## INSTRUCTIONS TO FOLLOW
With the pictures left out, restate exactly the part below that opens with the line containing "Louie | Timeless" and closes with the line containing "Bustier Crop Top".

----- RECORDS SHOWN

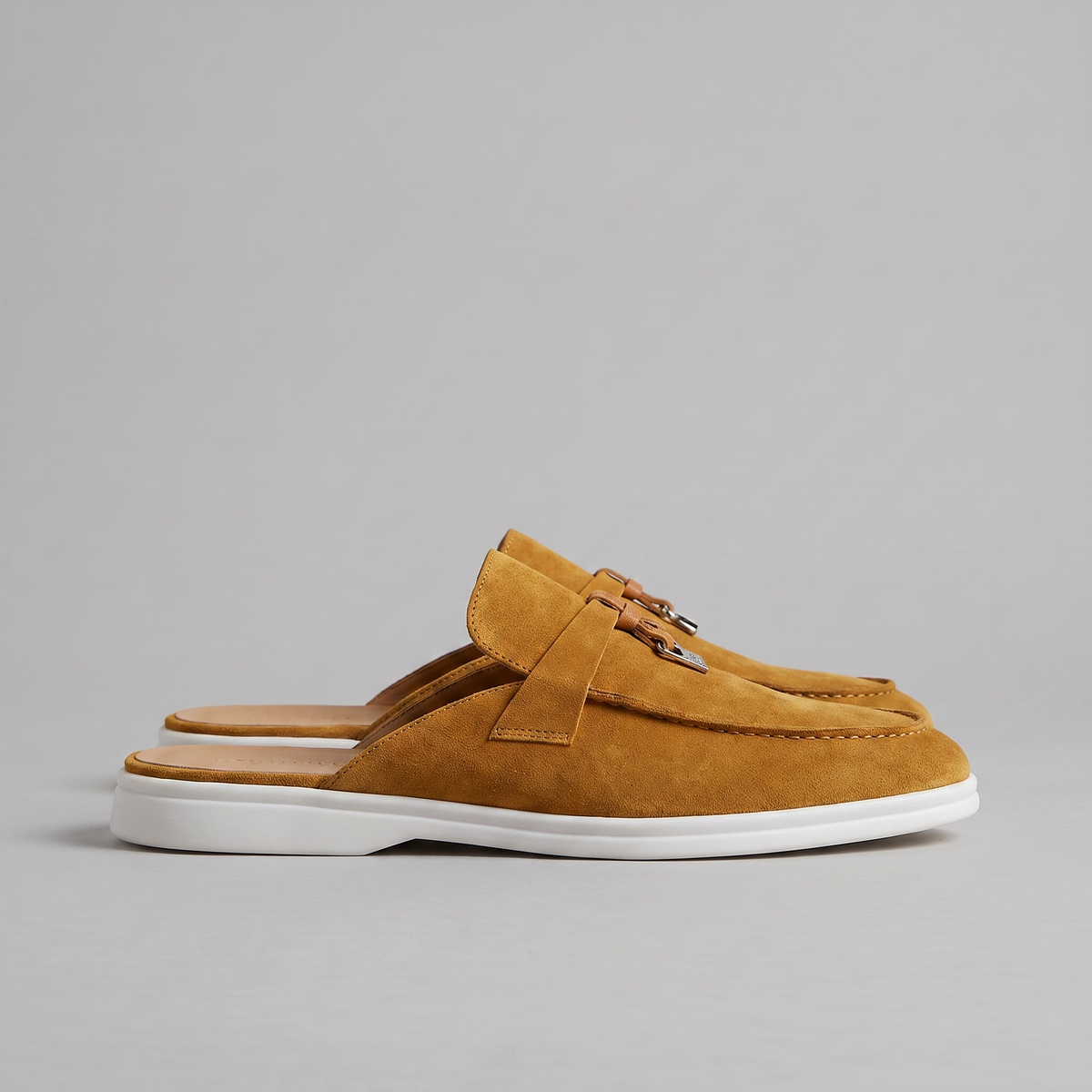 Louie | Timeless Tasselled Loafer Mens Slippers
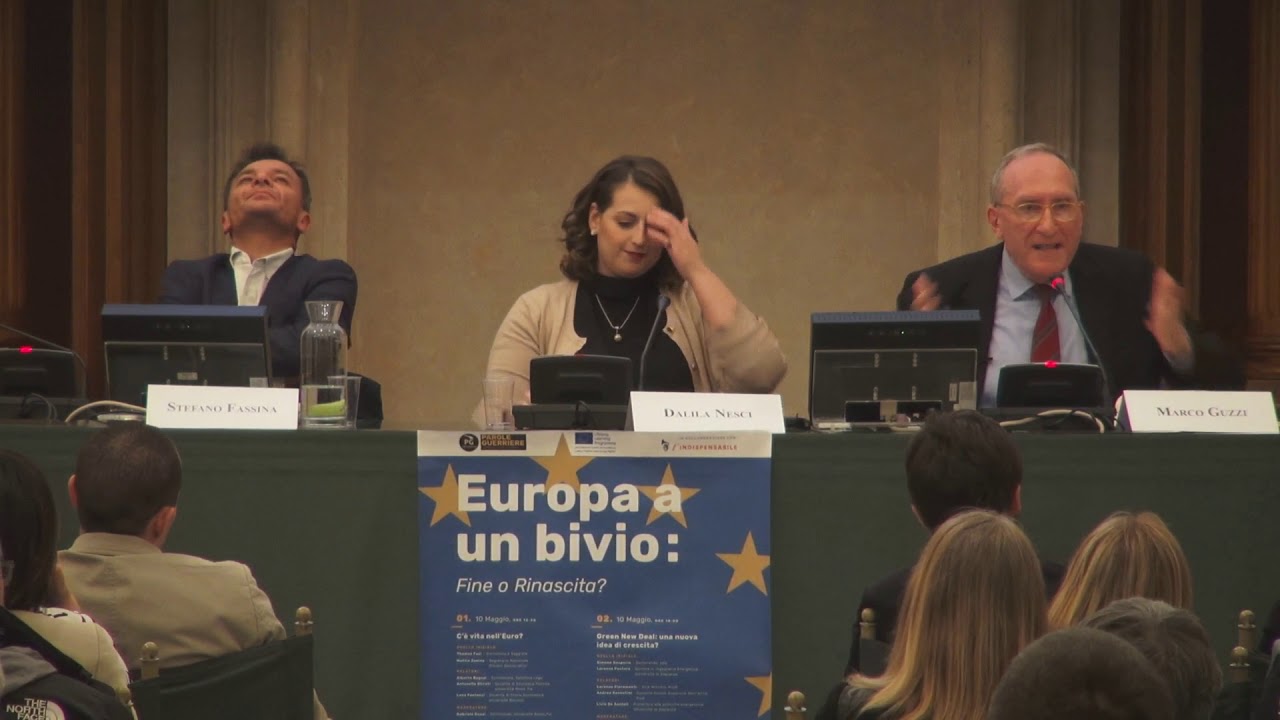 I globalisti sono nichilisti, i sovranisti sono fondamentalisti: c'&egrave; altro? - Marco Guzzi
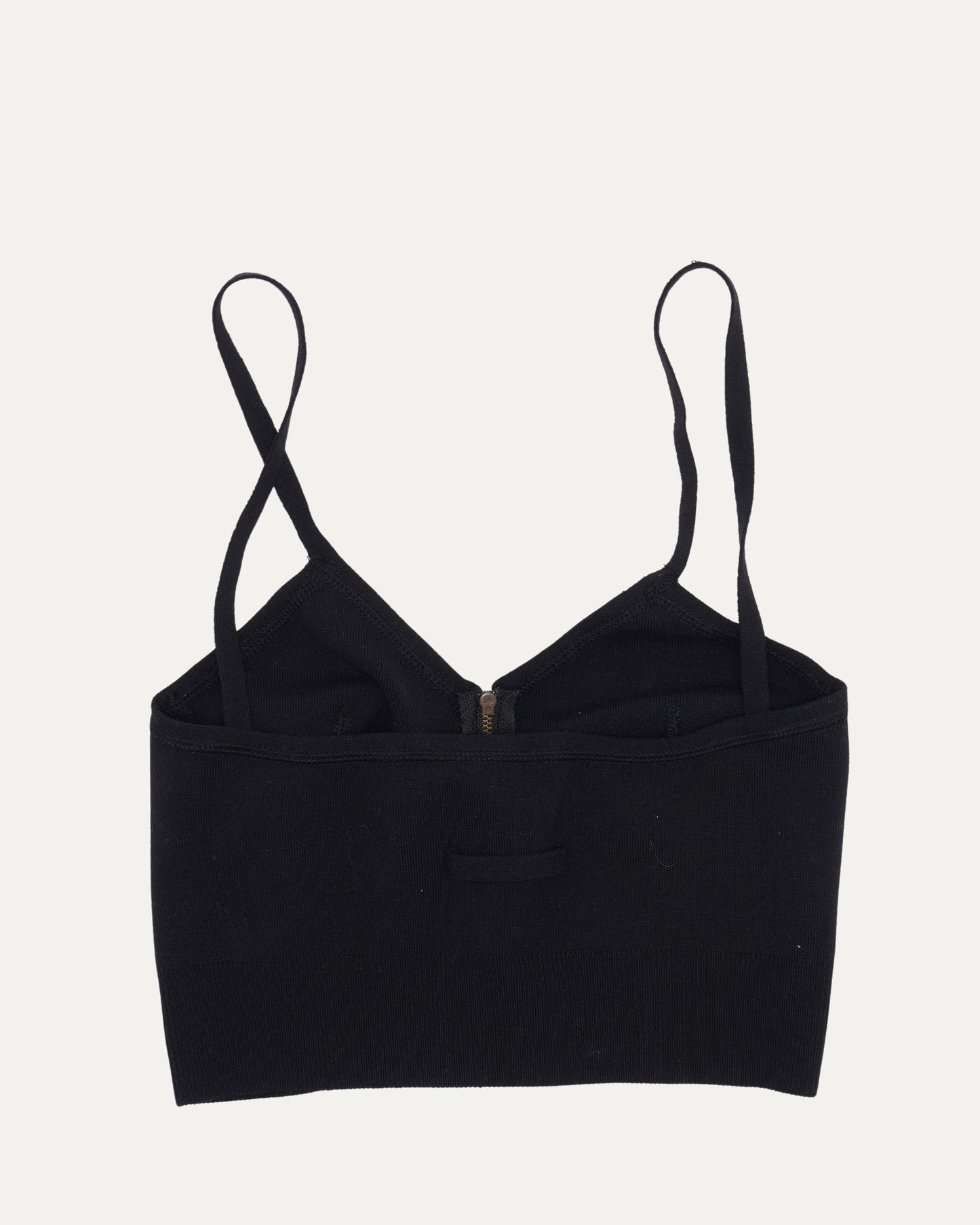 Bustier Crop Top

----------
----- RECORDS SHOWN

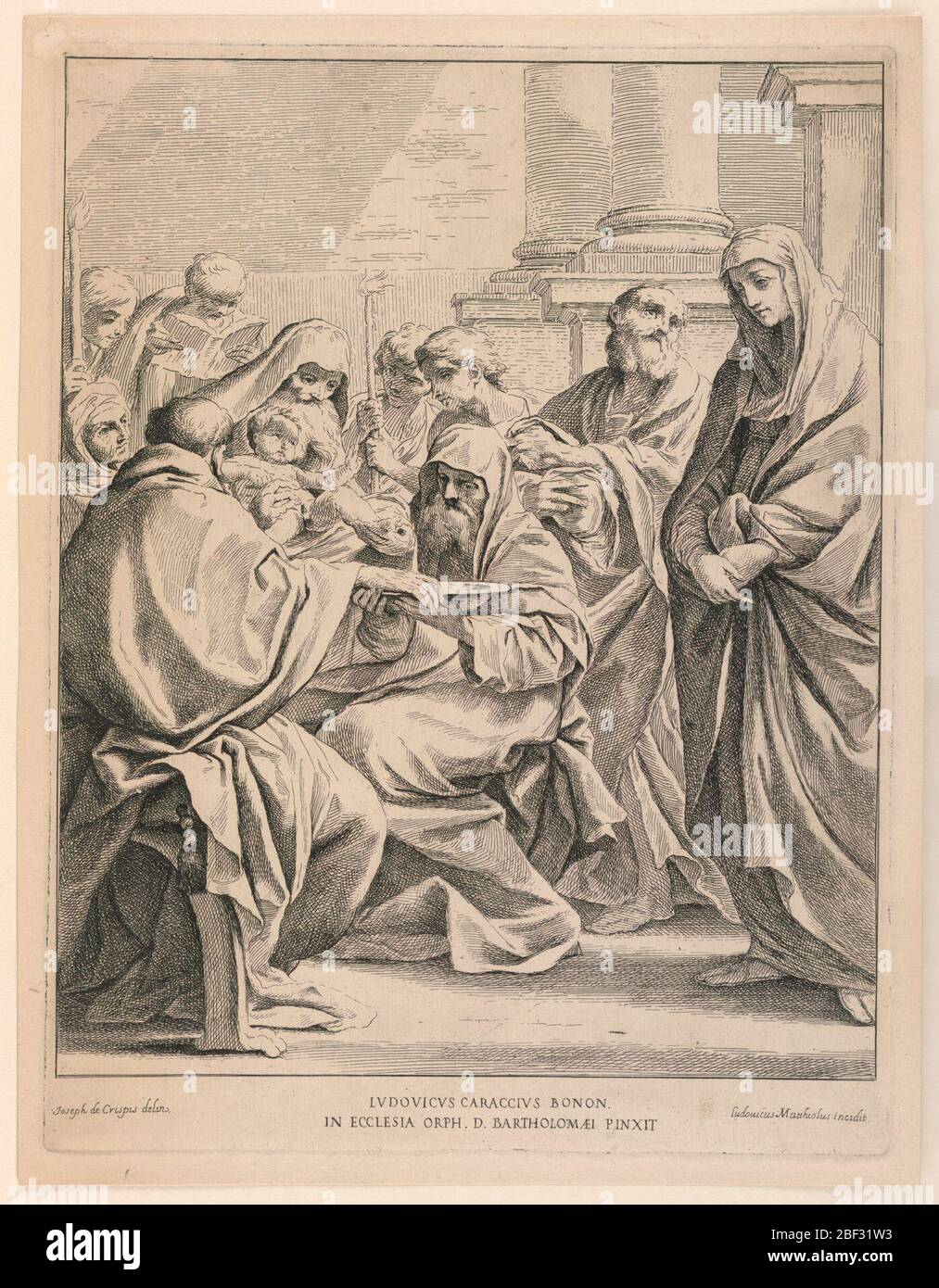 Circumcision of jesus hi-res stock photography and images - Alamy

----------

## FINAL ANSWER
 Louie | Timeless Tasselled Loafer Mens Slippers
 I globalisti sono nichilisti, i sovranisti sono fondamentalisti: c'&egrave; altro? - Marco Guzzi
 Bustier Crop Top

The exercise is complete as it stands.